Hanno ancora rilevato i giudicanti territoriali sul punto l’incongruenza della tesi difensiva secondo cui il N. telefonò al M. per avere informazioni sulla reale attività svolta dall’Agenzia Abelia, considerato che le telefonate furono tre e che il N. al momento di chiamare il M. stesso ignorava del tutto quali fossero le operazioni in corso, circostanza che priverebbe di rilievo la tesi difensiva che non vi fu collusione dappoichè al momento della telefonata al M. la sede della sua società in (OMISSIS) era già sottoposta alle operazioni di verifica. Come sottolineato nelle sentenze di condanna, siffatta circostanza era ignorata dal N. al momento, quanto meno, della sua prima telefonata.
L’argomentare della corte militare, ad avviso del Collegio, non dimostra in termini soddisfacenti la corrispondenza della fattispecie concretamente accertata con l’ipotesi delittuosa contestata. Ed invero il reato di collusione di cui alla L. 9 dicembre 1941, n. 1383, testualmente è in tal guisa descritto: “Il militare della Regia guardia di finanza che commette una violazione delle leggi finanziarie, costituente delitto, o collude con estranei per frodare la finanza, oppure si appropria o comunque distrae, a profitto proprio o di altri, valori o generi di cui egli, per ragioni del suo ufficio o servizio, abbia l’amministrazione o la custodia o su cui eserciti la sorveglianza soggiace alle pene stabilite dagli articoli 215 e 219 c.p.m.p., ferme le sanzioni pecuniarie delle leggi speciali”.
Tra le ipotesi tipizzate dalla norma incriminatrice, di interesse nel presente processo è quella che da rilievo penale alla condotta del militare della guardia di finanza il quale “collude con estranei per frodare la finanza “.
Perchè sussista pertanto il reato occorre un accordo tra il militare appartenente alla Guardia di finanza e l’estraneo, accordo il cui oggetto sia costituito dalla “frode alla finanza”, la quale, secondo accreditata lezione ermeneutica di questa Corte, può consistere nell’indicazione o apprestamento di qualsiasi espediente o mezzo fraudolento dotato di potenzialità lesiva dell’interesse alla percezione dell’entrata tributaria (Cass., Sez. 1, 06/06/2007, n. 25819; Cass., 15/12/2005, n. 1303).
Tanto premesso non può non rilevarsi che nel caso dedotto all’esame della Corte la ricorrenza di tre telefonate il cui contenuto è rimasto sconosciuto non appare circostanza di fatto idonea sostenere probatoriamente nè un accordo tra il N. ed il M., nè tampoco – e tale rilievo si appalesa decisivo – l’oggetto dell’accordo e cioè la frode che gli interlocutori intendevano consumare in contrasto con gli interessi pubblici tutelati dall’azione di istituto del Corpo.

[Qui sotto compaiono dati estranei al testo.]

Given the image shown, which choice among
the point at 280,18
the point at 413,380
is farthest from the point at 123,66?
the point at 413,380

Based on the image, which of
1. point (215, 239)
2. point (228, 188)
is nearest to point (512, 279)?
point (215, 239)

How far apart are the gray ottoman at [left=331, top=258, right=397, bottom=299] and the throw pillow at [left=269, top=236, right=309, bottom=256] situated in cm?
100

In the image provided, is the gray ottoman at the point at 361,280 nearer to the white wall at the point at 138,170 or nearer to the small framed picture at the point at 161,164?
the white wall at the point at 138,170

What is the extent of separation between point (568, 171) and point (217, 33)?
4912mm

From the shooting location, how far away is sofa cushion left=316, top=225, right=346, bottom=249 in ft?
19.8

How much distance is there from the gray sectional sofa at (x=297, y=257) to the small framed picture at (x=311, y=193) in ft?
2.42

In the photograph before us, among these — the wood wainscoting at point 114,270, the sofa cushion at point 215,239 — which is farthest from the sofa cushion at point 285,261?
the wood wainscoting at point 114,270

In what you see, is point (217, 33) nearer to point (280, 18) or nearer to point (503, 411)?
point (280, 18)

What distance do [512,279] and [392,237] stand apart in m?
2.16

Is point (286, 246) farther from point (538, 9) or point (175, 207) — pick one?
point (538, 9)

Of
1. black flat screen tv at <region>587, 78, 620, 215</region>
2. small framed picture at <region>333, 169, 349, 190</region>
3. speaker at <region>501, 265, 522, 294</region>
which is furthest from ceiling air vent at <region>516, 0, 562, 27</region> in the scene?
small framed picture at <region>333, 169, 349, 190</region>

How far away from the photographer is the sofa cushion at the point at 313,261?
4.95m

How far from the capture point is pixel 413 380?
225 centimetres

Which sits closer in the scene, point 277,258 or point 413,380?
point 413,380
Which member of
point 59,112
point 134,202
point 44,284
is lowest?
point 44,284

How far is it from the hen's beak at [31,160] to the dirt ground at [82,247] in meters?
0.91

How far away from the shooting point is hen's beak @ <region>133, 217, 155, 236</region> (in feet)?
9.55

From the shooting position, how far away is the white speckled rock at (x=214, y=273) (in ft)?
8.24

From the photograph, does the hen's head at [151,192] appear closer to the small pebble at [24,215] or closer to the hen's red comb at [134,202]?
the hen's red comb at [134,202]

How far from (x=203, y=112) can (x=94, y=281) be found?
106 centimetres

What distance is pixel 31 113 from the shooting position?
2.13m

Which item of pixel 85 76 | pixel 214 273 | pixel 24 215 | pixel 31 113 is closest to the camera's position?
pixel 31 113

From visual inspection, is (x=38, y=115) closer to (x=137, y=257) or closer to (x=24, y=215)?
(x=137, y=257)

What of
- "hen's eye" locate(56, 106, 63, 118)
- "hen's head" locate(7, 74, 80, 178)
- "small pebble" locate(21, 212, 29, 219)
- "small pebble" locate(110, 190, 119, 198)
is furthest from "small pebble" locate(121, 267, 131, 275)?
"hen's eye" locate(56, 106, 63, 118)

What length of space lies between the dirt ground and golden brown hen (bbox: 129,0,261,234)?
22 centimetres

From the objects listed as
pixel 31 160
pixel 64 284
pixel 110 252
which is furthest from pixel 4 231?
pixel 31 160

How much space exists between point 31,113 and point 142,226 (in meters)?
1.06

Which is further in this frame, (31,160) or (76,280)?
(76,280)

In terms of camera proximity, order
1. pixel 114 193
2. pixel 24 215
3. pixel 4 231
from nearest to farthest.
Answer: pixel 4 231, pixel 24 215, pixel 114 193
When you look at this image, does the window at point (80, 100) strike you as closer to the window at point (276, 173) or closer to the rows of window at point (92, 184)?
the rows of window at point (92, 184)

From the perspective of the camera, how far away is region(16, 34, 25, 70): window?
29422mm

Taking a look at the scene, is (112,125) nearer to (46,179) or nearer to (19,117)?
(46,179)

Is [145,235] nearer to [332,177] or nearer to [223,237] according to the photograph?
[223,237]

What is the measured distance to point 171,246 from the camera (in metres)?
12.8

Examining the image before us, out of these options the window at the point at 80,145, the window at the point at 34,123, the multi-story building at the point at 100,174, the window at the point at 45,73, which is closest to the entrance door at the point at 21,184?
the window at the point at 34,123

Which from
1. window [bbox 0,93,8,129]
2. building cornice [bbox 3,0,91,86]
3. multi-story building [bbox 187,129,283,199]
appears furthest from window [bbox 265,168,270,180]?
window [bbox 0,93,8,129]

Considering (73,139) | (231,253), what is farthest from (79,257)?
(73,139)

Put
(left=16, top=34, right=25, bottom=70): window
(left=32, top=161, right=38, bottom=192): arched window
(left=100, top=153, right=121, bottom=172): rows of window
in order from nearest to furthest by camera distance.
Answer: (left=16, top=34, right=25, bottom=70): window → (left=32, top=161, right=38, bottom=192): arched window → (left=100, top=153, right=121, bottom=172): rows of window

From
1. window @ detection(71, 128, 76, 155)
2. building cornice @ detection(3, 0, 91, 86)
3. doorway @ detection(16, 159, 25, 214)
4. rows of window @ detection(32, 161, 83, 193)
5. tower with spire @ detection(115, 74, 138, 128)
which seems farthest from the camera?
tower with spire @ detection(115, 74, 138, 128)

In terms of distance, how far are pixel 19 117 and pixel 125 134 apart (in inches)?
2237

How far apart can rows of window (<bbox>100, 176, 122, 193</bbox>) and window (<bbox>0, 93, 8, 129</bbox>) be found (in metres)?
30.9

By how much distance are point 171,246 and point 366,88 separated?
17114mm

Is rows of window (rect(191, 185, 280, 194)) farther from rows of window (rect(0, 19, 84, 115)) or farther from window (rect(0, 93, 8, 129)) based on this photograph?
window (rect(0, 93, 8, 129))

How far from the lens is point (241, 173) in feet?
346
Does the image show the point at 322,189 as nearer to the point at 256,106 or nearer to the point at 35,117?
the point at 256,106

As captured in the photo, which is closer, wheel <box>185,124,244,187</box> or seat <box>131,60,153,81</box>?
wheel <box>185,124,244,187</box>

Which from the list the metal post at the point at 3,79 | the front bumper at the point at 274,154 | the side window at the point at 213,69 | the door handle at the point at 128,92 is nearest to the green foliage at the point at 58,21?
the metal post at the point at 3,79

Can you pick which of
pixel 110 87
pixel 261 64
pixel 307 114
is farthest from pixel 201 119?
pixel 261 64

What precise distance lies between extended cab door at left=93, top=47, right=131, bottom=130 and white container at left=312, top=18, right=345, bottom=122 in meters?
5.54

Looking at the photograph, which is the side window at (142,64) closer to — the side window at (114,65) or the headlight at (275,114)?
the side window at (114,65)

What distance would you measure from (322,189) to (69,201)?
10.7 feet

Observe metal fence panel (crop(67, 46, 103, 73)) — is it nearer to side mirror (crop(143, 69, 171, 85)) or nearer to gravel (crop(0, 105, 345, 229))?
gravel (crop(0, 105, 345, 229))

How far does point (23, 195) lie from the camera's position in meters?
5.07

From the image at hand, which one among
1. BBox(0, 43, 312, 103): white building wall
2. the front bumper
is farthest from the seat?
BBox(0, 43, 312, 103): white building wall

Nè in tale direzione appaiono significativi i comportamenti ambigui assunti dagli imputati, e cioè la mancata verbalizzazione dell’accesso all’agenzia Abelia e l’asetticità dei rapporti successivi, sia per l’incertezza nella quale è rimasta la circostanza del momento in cui i prevenuti dettero avviso ai superiori che l’agenzia risultava chiusa rispetto alla prima telefonata al M., sia perchè non deducibile da essi alcun accordo collusivo volto ad una frode rimasta a tutt’oggi senza una precisa determinazione di contenuti. Al riguardo, pertanto, ricorre una insufficienza motivazionale giustificativa dell’annullamento parziale della sentenza impugnata, con rinvio a giudice territoriale affinchè, in piena libertà di giudizio, riconsideri il quadro probatorio acquisito al processo coerentemente valutandolo ai fini decisionali.
3. Anche l’eccezione processuale di cui al terzo motivo di censura è manifestamente infondata.

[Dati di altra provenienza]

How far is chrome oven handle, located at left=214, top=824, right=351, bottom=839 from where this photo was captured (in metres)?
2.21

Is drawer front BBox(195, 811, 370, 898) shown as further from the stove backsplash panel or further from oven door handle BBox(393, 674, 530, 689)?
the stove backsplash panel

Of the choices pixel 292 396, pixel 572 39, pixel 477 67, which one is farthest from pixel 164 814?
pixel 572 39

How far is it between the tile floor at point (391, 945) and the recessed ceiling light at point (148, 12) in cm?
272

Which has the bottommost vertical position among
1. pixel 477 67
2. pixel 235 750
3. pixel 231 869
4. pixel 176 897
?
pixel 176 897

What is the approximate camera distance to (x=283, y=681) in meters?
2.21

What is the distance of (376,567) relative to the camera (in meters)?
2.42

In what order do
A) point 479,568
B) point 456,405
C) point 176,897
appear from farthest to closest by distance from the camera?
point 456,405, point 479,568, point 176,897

Ed invero nella fattispecie non ricorre per nulla l’ipotesi di cui all’art. 63 c.p.p., comma 2, giacchè la richiesta di relazione nell’ambito di un rapporto di ufficio non integra richiesta di dichiarazioni davanti alla p.g.. La redazione di relazione di servizio infatti rientra nell’ordinario svolgimento delle funzioni istituzionali svolte dagli imputati. Non solo, la norma richiamata trova applicazione allorchè una persona non imputata compaia davanti all’autorità giudiziaria ovvero a quella di polizia e quando dalle dichiarazioni in quel contesto rese emergano indizi di reità. Nel caso in esame non v’era comparizione personale della tipologia detta e non v’erano dichiarazioni indizianti riferibili agli imputati rese in quel contesto.

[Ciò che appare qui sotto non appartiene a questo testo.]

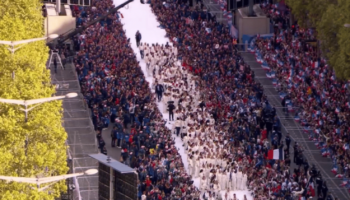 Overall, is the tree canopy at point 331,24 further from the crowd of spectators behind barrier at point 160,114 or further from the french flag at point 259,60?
the crowd of spectators behind barrier at point 160,114

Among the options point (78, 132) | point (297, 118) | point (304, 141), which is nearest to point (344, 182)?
point (304, 141)

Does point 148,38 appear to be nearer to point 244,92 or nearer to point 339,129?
point 244,92

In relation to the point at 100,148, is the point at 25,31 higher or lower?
higher

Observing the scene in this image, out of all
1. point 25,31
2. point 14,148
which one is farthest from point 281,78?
point 14,148

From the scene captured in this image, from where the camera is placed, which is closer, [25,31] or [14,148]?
[14,148]

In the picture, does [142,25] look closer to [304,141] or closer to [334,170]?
[304,141]

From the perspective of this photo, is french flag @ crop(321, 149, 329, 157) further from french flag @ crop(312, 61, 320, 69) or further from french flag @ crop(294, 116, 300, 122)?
french flag @ crop(312, 61, 320, 69)

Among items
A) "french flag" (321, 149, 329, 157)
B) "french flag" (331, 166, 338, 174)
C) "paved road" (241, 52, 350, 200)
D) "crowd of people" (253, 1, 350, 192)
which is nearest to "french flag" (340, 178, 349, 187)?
"crowd of people" (253, 1, 350, 192) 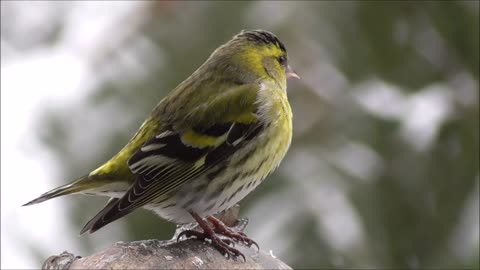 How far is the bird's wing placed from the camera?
2.19 metres

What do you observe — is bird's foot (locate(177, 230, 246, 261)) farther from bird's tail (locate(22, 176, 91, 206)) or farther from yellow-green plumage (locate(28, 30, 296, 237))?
bird's tail (locate(22, 176, 91, 206))

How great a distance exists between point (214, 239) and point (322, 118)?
102 cm

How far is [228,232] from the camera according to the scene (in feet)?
7.23

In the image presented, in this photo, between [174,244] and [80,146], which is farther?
[80,146]

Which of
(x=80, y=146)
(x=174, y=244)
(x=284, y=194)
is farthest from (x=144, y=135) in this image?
(x=80, y=146)

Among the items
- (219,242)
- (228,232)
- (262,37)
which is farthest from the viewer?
(262,37)

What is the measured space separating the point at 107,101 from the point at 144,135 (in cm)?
88

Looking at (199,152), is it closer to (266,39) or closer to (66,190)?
(66,190)

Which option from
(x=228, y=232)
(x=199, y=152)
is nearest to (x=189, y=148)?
(x=199, y=152)

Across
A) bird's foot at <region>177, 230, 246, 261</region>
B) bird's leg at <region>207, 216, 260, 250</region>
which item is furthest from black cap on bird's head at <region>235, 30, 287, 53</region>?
bird's foot at <region>177, 230, 246, 261</region>

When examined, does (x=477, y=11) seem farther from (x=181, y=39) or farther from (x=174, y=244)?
(x=174, y=244)

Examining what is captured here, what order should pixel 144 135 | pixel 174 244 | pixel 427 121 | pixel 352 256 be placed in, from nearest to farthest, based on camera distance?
pixel 174 244 → pixel 144 135 → pixel 352 256 → pixel 427 121

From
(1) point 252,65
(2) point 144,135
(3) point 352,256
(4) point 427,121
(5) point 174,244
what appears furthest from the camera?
(4) point 427,121

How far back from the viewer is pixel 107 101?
3.20 m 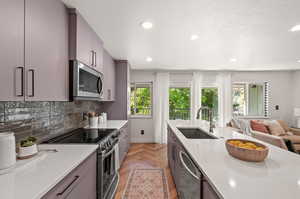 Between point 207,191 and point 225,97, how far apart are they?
4073 mm

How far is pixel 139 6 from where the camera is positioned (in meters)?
1.38

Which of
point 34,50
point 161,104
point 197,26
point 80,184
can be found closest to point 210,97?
point 161,104

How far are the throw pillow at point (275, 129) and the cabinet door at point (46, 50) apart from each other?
15.5 feet

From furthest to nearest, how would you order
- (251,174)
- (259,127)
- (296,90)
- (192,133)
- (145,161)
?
(296,90) < (259,127) < (145,161) < (192,133) < (251,174)

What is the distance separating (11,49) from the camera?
31.8 inches

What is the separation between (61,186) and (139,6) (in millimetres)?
1664

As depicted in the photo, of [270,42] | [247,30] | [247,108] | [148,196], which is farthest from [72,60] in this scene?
[247,108]

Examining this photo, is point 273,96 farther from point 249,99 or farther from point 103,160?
point 103,160

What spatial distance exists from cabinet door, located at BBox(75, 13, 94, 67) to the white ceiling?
10 centimetres

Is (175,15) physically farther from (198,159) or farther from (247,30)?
(198,159)

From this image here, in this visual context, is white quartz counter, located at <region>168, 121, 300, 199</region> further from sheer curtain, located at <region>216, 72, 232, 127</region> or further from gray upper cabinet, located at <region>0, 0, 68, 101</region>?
sheer curtain, located at <region>216, 72, 232, 127</region>

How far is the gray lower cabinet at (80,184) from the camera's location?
78cm

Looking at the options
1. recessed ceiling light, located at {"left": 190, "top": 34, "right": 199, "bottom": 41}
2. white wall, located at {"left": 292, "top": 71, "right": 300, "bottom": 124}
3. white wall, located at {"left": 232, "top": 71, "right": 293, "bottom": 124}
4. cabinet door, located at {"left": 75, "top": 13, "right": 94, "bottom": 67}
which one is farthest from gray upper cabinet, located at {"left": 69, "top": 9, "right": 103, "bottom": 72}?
white wall, located at {"left": 292, "top": 71, "right": 300, "bottom": 124}

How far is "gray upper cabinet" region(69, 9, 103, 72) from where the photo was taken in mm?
1400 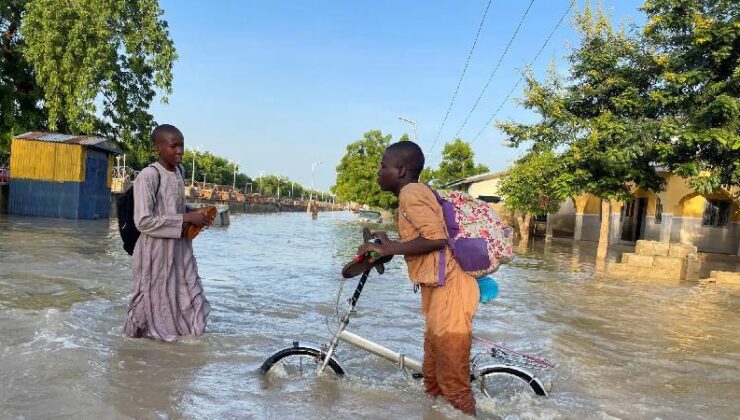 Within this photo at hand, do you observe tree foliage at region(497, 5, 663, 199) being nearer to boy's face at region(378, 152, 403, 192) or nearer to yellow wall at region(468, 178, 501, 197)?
boy's face at region(378, 152, 403, 192)

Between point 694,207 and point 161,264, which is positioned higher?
point 694,207

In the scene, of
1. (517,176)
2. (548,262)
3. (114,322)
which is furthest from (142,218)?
(517,176)

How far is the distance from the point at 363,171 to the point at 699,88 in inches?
1800

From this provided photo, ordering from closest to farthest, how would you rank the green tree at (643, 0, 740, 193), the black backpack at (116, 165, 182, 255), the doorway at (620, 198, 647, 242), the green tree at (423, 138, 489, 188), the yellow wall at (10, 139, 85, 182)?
the black backpack at (116, 165, 182, 255) < the green tree at (643, 0, 740, 193) < the yellow wall at (10, 139, 85, 182) < the doorway at (620, 198, 647, 242) < the green tree at (423, 138, 489, 188)

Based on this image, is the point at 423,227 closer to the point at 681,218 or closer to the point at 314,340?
the point at 314,340

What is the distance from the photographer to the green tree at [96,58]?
20.0 meters

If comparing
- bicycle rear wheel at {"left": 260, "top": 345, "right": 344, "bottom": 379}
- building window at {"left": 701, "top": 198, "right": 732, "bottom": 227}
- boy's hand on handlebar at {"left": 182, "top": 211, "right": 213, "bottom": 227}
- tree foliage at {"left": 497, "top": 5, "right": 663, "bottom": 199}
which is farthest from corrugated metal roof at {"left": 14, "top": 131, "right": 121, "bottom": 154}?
building window at {"left": 701, "top": 198, "right": 732, "bottom": 227}

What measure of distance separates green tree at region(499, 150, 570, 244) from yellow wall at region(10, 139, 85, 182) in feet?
47.7

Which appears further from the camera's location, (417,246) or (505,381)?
(505,381)

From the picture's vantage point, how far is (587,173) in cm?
1433

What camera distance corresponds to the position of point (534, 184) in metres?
19.8

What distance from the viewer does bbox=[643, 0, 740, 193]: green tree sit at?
11.0 meters

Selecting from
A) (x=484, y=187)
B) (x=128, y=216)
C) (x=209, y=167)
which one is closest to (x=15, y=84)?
(x=128, y=216)

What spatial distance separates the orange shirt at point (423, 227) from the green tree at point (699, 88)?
9.37 metres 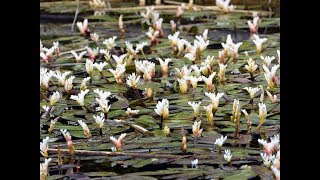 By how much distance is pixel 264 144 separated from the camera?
2.31 meters

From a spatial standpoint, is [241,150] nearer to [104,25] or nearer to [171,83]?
[171,83]

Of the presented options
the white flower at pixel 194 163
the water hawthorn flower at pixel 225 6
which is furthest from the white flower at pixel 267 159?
the water hawthorn flower at pixel 225 6

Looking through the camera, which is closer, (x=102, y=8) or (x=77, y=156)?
(x=77, y=156)

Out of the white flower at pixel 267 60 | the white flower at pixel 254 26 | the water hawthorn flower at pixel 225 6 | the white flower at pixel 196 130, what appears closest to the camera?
the white flower at pixel 196 130

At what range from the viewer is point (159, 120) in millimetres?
2785

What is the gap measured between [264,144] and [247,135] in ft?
0.94

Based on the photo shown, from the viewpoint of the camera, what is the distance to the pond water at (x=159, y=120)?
2324mm

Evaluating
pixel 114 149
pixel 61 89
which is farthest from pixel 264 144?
pixel 61 89

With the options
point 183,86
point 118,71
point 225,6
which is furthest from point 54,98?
point 225,6

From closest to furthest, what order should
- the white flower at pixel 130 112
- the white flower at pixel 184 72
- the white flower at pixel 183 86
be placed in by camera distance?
the white flower at pixel 130 112, the white flower at pixel 183 86, the white flower at pixel 184 72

4. Anche la doglianza di cui al quarto motivo di impugnazione, infine, è manifestamente infondata sia nel suo profilo strettamente processuale che in quello di carattere sostanziale. Ed invero, quanto al primo aspetto, secondo costante lezione ermeneutica di questa corte, il motivo di ricorso per cassazione consistente nella deduzione di mancata assunzione di una prova decisiva può essere proposto solo in relazione ai mezzi di prova di cui sia stata chiesta l’ammissione a norma dell’art. 495 cod. proc, pen., comma 2, sicchè esso non può essere validamente invocato quando il mezzo di prova, sollecitato dalla parte attraverso l’invito al giudice di merito ad avvalersi dei poteri discrezionali di integrazione probatoria di cui all’art. 507 cod. proc. pen., non sia stato dal giudice ritenuto necessario ai fini della decisione (Cass., Sez. 1, 15/04/2010, n. 16772).
Nel caso in esame, per stessa ammissione del deducente, l’acquisizione dei tabulati è stata richiesta nel corso del dibattimento di prime cure e tale richiesta è stata considerata dal tribunale non necessaria ai fini della decisione.
L’eccezione, inoltre, non ha pregio, come innanzi anticipato, neppure nei suoi profili sostanziali.
Come è noto, è prova decisiva, la cui mancata assunzione è deducibile come motivo di ricorso per cassazione, solo quella prova che, non assunta o non valutata, vizia la sentenza intaccandone la struttura portante, nel senso che, ove esperita, avrebbe determinato una diversa decisione (Cass., Sez. 3, 15/06/2010, n. 27581; Cass., Sez. 6, 25/03/2010, n. 14916).
Tanto premesso sul piano teorico, osserva quanto al caso in esame il collegio che l’eventuale acquisizione dei tabulati, non avrebbe in alcun modo dimostrato l’assunto difensivo, ma, esclusivamente, che, eventualmente, il N. ebbe a telefonare una prima volta al ten. S., nulla potendo viceversa provare i tabulati in ordine al contenuto della telefonata. Di qui la non decisività della prova.

P.Q.M.

La Corte, annulla la sentenza impugnata limitatamente alla ritenuta collusione e rinvia per nuovo giudizio sul capo ad altra sezione della Corte militare di appello. Rigetta il ricorso nel resto.